CHICOPEE, Mass. (WWLP) – It may have looked like bridge construction, but what the Massachusetts Department of Transportation was actually doing beneath the Mass Pike in Chicopee Friday was assisting the Massachusetts Division of Fisheries and Wildlife.
They were removing Peregrine Falcon chicks from their nest underneath the Mass Turnpike bridge so they could be banded. It was a delicate operation as the baby birds’ parents circled above.
A total of four chicks were taken from the nest. The Peregrine Falcon chicks have been measured and fitted with leg bands.
“Well, banding is done because we really need to identify the individual birds so we can follow them through life how far they go from birth to breeding, how long they live, what kind of problems they encounter,” said Tom French, Assistant Director of the Massachusetts Division of Fisheries and Wildlife.
French says that Peregrine Falcons completely disappeared from the state in the 1950s, and they’ve been working to restore their population since the 1980s.
“It was listed as endangered here in Massachusetts, and we’ve taken it down to threatened, and it’s really getting close to coming down even further,” French said.
Peregrine Falcons are also helpful in controlling the pigeon population. “The pigeons do tremendous damage to our bridges.
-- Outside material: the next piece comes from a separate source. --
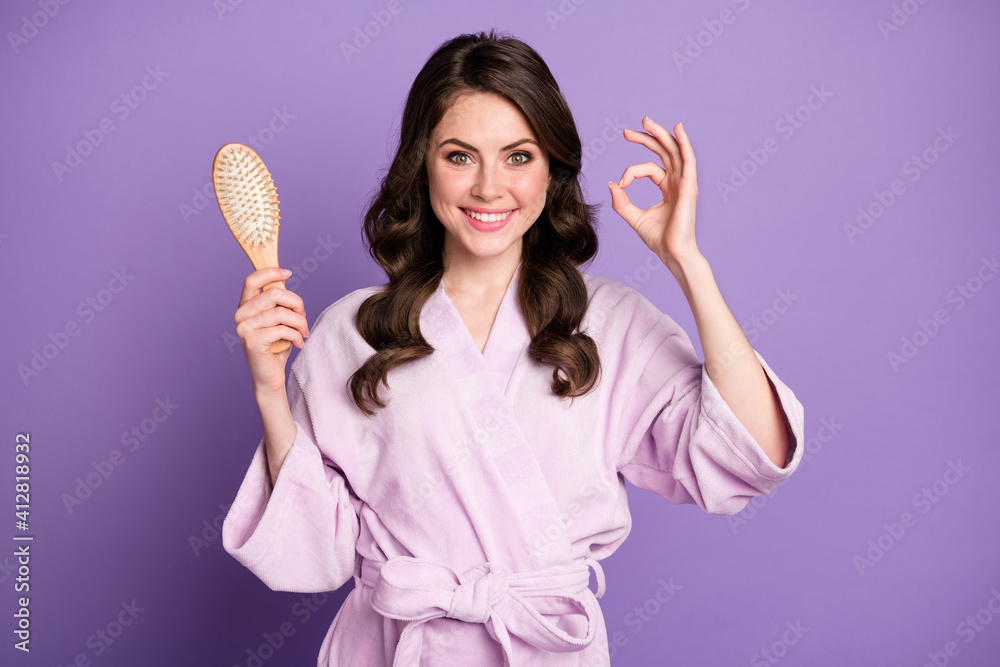 Poster photo of young woman hold brush show okey sign choice choose recommend promo hair therapy isolated o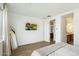 Main bedroom with ensuite bathroom access and neutral decor at 16780 W Cameron Dr, Surprise, AZ 85388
They roost up under the bridges and their waste just eats away at the steel, so we put the boxes up to help Mass Fish and Wildlife, and they in turn really help with our maintenance on our bridges.” said Patrick Paul, the District Highway Director for District 2 of the MassDOT.
Once the banding was finished, the chicks were carefully brought back and once she decided it was safe, their mother returned back to the nest.